| > The one piece of advice that has helped me is the thinking that "I'm not the first one to ever go through this, and I won't be the last." No matter if you're fucked in the head, going bankrupt, getting divorced - whatever - you aren't alone and you can either find a solution or find acceptance. That's good advice, but unfortunately it also applies to situations like "being put to death." Maybe my response seems flippant, but it's the core reason I was never able to internalize platitudes. There doesn't seem to be any nuanced or precise advice. Interestingly, one of the most effective for me was dang's: https://news.ycombinator.com/item?id=13110096 He probably didn't mean it as philosophical advice, but when I read it, I burst out laughing and never really stopped. When things get tough, I just shrug and try to embrace it. After all, things can always get worse. If you take an attitude of "I wonder how bad things can get?" then you tend to discover that there's an upper bound on most forms of badness, which did make me feel better. E.g. it's hard to imagine a shot at the dentist getting much worse than the worst pain you've ever experienced in your life. So if you've already felt something worse, you can calibrate your temporary expectations and snap yourself out of fear loops. A shot at the dentist isn't so bad, but mental loops can be. So if you're in an anxiety spiral, compare it to the worst emotional distress you've ever felt, and see if it's worse. If it's worse, switch to physical pain. I'm able to stay in a good mood when I'm nauseous thanks to having had one of the worst illnesses I've ever had, a few months ago.
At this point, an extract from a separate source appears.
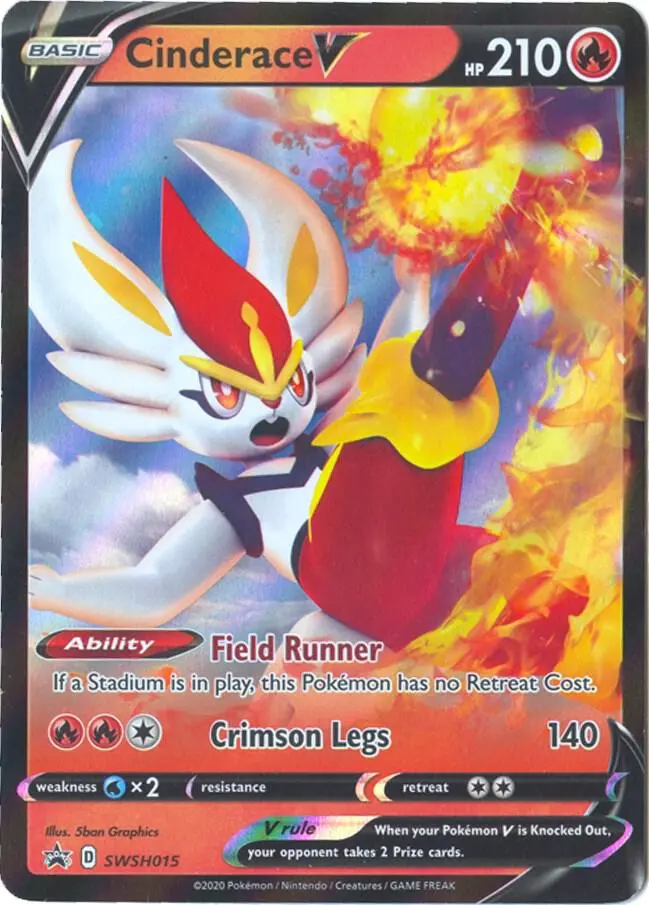 Cinderace V, SWSH Black Star Promos SWSH015/307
Headaches and queasiness feels small in comparison. |
This may come as a surprise, but we should be able to face death calmly as well, knowing full well it affects everyone in due time.
It is more reliable than any other situation such as divorce, psychotic breakdown, sickness, loss of loved one....
I can't imagine being calm facing death, but I don't see is as a contradiction to say we can face divorce and death calmly and with equanimity knowing others have and will go through it.